In the meantime, you will have to armor yourself in your strength. When you left his house tonight, you couldn’t seem to find an ounce of it. Your heart felt like it was going to deflate so it sucked in a spoonful of your ever-present toughness just to keep beating, then hid the rest somewhere in the near future. You will find it again in a week or so. You will be looking in the mirror, curling your eyelashes and humming along with the radio when you will realize you are doing just fine. You have survived. When you thought you were going to pass out from his overwhelming memory, you remained upright. Your heart no longer feels like it’s about to burst – your strength has detonated a bomb.

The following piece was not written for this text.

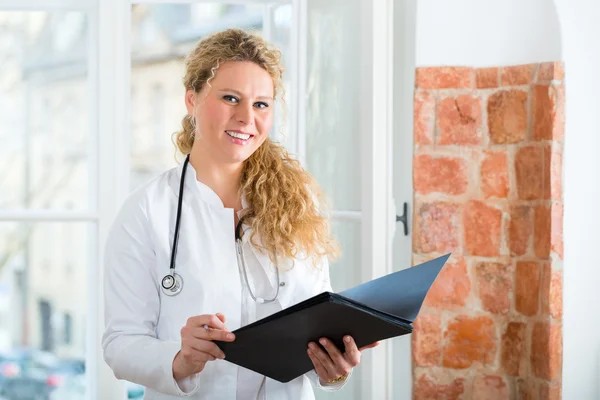 Médico con resultado de la prueba en documento o expediente — Foto de Stock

It will still be a while before this change (and really, darling, a breakup becomes nothing more than change when put into the context of your entire life) starts to feel normal but in the meantime, embrace the sudden flood of emotion. Use it to charge your early morning runs. Turn up the Rihanna and let your feet beat against the concrete, their rhythm in time with the music, quick and powerful. Use the emotion to connect with the people you love. Be a sponge for their musings, listen intently and feel their thoughts as though they’re your own. Use it to fuel your creativity, use it to make yourself the most ferocious possible version of you. It feels hopeless right now, like the end of something beautiful, but the honest cliché of it all is that this really is only the beginning.